A QUARTER of criminals caught by police in the West Midlands last year had no previous offences, new figures show.

Law reform charity JUSTICE called for better access to mental health and addiction services to “help reverse the worrying trend of increases in those entering the criminal justice system for the first time”.

Ministry of Justice figures show West Midlands Police dealt with 3,306 first-time offenders last year. This included 379 people under 18.

Of those, 2,433 were convicted, while the rest were only cautioned.

It meant first-time offenders accounted for 26 per cent of all criminals in the West Midlands – slightly up from 25 per cent the year before.

Tyrone Steele, deputy legal director of JUSTICE, said: “Entering the criminal justice system is life-changing in all the wrong ways.

“Providing and strengthening real routes away from crime – from better access to mental health and addiction services, to housing and employment – would help to reverse the worrying trend of increases in those entering the criminal justice system for the first time, including children.”

Across England and Wales, around 63,700 first-time offenders were convicted in 2023, representing 22 per cent of all criminals.
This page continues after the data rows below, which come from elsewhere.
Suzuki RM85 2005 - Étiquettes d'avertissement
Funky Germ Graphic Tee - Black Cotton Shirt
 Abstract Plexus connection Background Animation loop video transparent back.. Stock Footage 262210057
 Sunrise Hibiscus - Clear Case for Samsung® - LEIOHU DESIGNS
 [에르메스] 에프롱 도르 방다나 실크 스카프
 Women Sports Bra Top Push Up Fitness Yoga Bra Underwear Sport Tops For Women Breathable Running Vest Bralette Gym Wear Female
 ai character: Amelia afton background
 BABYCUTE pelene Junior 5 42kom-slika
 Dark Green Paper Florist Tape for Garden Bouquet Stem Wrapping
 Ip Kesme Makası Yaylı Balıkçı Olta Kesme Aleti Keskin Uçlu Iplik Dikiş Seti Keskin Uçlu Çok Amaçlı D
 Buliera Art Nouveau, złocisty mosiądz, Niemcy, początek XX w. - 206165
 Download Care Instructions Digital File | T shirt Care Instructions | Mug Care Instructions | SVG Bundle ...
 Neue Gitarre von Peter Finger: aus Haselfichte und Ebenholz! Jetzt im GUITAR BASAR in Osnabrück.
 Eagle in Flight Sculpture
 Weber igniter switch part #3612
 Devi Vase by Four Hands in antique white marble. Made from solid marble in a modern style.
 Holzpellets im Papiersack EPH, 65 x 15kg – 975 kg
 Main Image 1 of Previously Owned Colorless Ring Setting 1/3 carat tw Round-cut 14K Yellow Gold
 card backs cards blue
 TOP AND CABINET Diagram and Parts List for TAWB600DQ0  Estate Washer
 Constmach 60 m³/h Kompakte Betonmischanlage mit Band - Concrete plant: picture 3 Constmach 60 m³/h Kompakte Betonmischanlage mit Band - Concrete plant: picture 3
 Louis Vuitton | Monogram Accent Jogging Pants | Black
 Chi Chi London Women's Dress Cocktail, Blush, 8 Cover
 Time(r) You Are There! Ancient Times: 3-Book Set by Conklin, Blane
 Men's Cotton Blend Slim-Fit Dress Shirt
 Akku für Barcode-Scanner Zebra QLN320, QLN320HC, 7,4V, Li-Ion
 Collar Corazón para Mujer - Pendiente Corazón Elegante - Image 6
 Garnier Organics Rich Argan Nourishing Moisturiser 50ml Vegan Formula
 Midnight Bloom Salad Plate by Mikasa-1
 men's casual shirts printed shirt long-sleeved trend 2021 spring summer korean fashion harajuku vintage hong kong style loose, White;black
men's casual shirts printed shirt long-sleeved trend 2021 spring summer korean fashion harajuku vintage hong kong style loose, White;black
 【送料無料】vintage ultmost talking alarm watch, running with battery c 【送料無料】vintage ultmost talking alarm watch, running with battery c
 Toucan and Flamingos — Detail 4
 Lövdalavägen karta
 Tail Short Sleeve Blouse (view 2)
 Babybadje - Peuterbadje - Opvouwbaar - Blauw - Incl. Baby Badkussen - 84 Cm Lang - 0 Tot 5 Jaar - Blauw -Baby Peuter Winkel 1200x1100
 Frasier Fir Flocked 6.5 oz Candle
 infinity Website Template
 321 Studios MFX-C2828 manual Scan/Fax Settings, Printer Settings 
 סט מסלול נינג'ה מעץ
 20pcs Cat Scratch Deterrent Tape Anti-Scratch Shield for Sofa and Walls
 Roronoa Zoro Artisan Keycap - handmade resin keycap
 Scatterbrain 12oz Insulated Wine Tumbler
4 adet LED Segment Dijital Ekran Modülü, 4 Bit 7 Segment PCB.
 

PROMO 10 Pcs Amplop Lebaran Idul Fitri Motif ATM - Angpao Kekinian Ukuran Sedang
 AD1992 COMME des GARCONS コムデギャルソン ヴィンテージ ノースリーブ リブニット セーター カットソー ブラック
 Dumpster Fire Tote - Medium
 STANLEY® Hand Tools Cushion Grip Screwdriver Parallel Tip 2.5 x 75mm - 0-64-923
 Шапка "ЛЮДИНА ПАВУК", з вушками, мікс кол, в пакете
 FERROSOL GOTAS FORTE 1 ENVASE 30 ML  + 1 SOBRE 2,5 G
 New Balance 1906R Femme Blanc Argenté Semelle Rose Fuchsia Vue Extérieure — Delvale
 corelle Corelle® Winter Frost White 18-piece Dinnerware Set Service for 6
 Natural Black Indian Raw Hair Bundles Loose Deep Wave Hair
This was similar to the year before, but up significantly from 14 per cent in 2013.

A further 21,900 were handed a caution last year.

In the West Midlands, 28 per cent of those who were convicted for the first time received a community sentence, while 16 per cent were sent to prison.

Campbell Robb, chief executive of social justice charity Nacro, said: “Much of the conversation on reducing crime focuses on prison and increasing sentencing despite the evidence showing that increasing the length of a prison sentences is not an effective deterrent.

“Even a short sentence can mean people lose their jobs, homes and custody of their children, making it harder to build a crime-free life afterwards.

“And the evidence shows that short prison sentences are less effective at preventing further crime than sentences served in the community.”

In the West Midlands, first-time offenders convicted of an indictable offence were most often convicted for violence against the person – 19 per cent. In contrast, the most common offence for those with a criminal past was theft, at 34 per cent.

The Home Office and the Ministry of Justice were both approached for comment.